13. Security and passwords
13.1 Each party shall ensure that any data belonging to the other or its licensors or agents or contractors are kept secure and in an encrypted form, and shall use the best available security practices and systems applicable to the use of such data to:
(a) enforce the territorial and use restrictions of this agreement or the relevant EULA or Ecko-specific Customer Obligations; and
(b) prevent, and take prompt and proper remedial action against, unauthorised access, copying, modification, storage, reproduction, display or distribution of such data.
13.2 If a party (the Affected Party) becomes aware of any misuse of any such data, or any security breach in connection with this agreement that could compromise the security or integrity of such data or otherwise adversely affect the Affected Party or its licensors or if the other party learns or suspects that any security feature has been revealed to or obtained by any unauthorised person:
(a) the other party shall, at its expense, promptly notify the Affected Party and fully co-operate with the Affected Party to remedy the issue as soon as reasonably practicable; and
(b) the Affected Party may suspend the other party’s rights under this agreement until the misuse or security breach or unauthorised disclosure of the security feature is remedied.
13.3 The other party agrees to co-operate with the Affected Party’s and its licensors reasonable security investigations.
13.4 The provisions of this clause are additional to any similar provisions in any relevant EULA or Ecko-specific Customer Obligations. In the event of a conflict between the provisions of this clause and a relevant EULA or Ecko-specific Customer Obligations, the terms of the relevant EULA or Ecko-specific Customer Obligations shall prevail.

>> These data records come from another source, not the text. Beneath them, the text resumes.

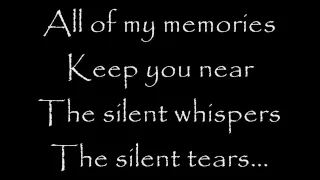 Within Temptation - Memories lyrics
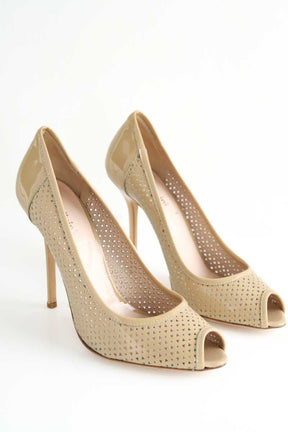 Talons Baldinini  Beige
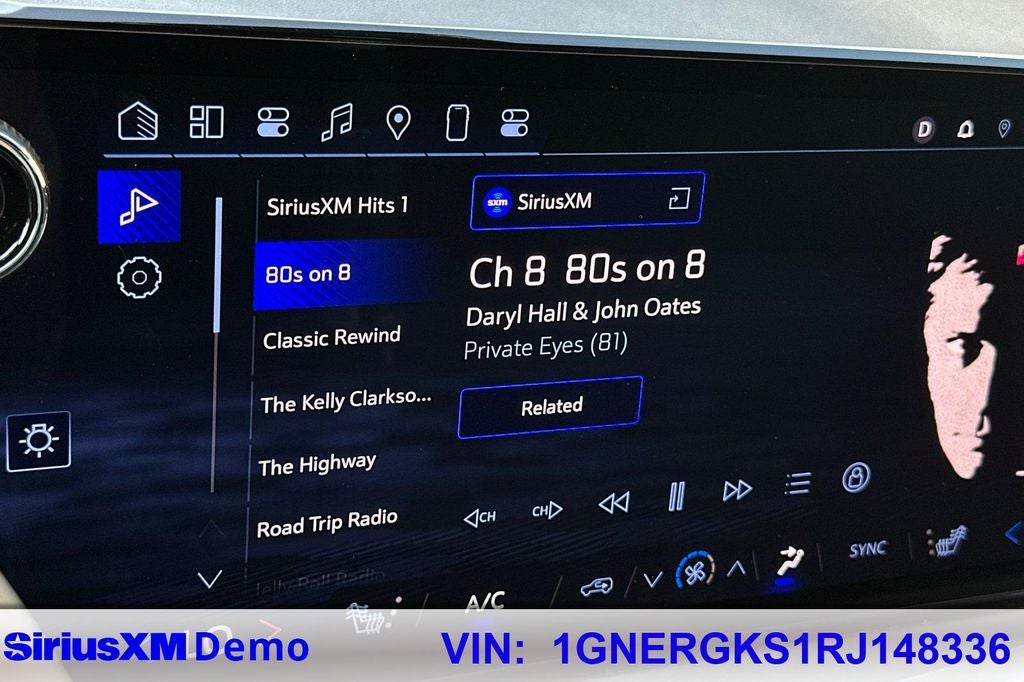 2024 Chevrolet Traverse LT 1LT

14.1 Both parties will comply with all applicable requirements of the Data Protection Legislation. This clause 14 (Data protection) is in addition to, and does not relieve, remove or replace, a party’s obligations or rights under the Data Protection Legislation.
14.2 The parties acknowledge that for the purposes of the Data Protection Legislation, the Customer is the controller and Trojan is the processor. The Services Order Schedule sets out the scope, nature and purpose of processing by Trojan, the duration of the processing and the types of personal data and categories of data subject.

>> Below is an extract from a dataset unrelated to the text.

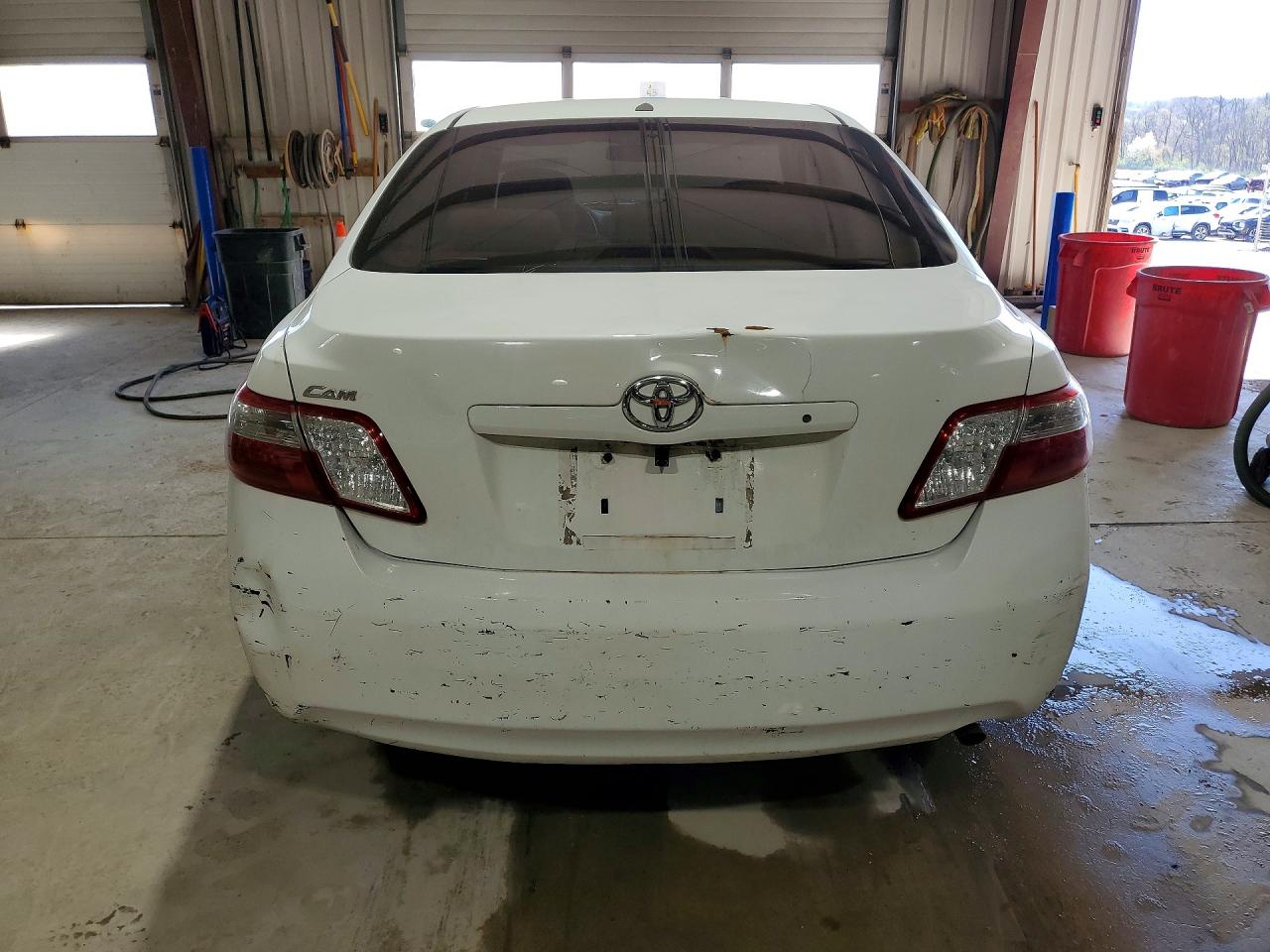 2007 TOYOTA CAMRY LE photo 11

14.3 Without prejudice to the generality of clause 1, the Customer will ensure that it has all necessary appropriate consents and notices in place to enable lawful transfer of the personal data to Trojan for the duration and purposes of this agreement.
14.4 Without prejudice to the generality of clause 1, Trojan shall, in relation to any personal data processed in connection with the performance by Trojan of its obligations under this agreement:
(a) process that personal data only on the documented written instructions of the Customer unless Trojan is required by Data Protection Legislation to otherwise process that personal data;
(b) ensure that it has in place appropriate technical and organisational measures, reviewed and approved by the Customer, to protect against unauthorised or unlawful processing of personal data and against accidental loss or destruction of, or damage to, personal data, appropriate to the harm that might result from the unauthorised or unlawful processing or accidental loss, destruction or damage and the nature of the data to be protected, having regard to the state of technological development and the cost of implementing any measures (those measures may include, where appropriate, pseudonymising and encrypting personal data, ensuring confidentiality, integrity, availability and resilience of its systems and services, ensuring that availability of and access to personal data can be restored in a timely manner after an incident, and regularly assessing and evaluating the effectiveness of the technical and organisational measures adopted by it);
(c) ensure that all personnel who have access to and/or process personal data are obliged to keep the personal data confidential; and
(d) not transfer any personal data outside of the European Economic Area unless the prior written consent of the Customer has been obtained and the following conditions are fulfilled:
(i) the Customer or Trojan has provided appropriate safeguards in relation to the transfer;
(ii) the data subject has enforceable rights and effective legal remedies;
(iii)Trojan complies with its obligations under the Data Protection Legislation by providing an adequate level of protection to any personal data that is transferred; and
(iv)Trojan complies with reasonable instructions notified to it in advance by the Customer with respect to the processing of the personal data;
(e) assist the Customer, at the Customer’s cost, in responding to any request from a data subject and in ensuring compliance with its obligations under the Data Protection Legislation with respect to security, breach notifications, impact assessments and consultations with supervisory authorities or regulators;
(f) notify the Customer without undue delay on becoming aware of a personal data breach;
(g) at the written direction of the Customer, delete or return personal data and copies thereof to the Customer on termination of the agreement unless required by Data Protection Legislation to store the personal data; and
(h)maintain complete and accurate records and information to demonstrate its compliance with this clause 14 (Data protection) and immediately inform the Customer if, in the opinion of Trojan, an instruction infringes the Data Protection Legislation.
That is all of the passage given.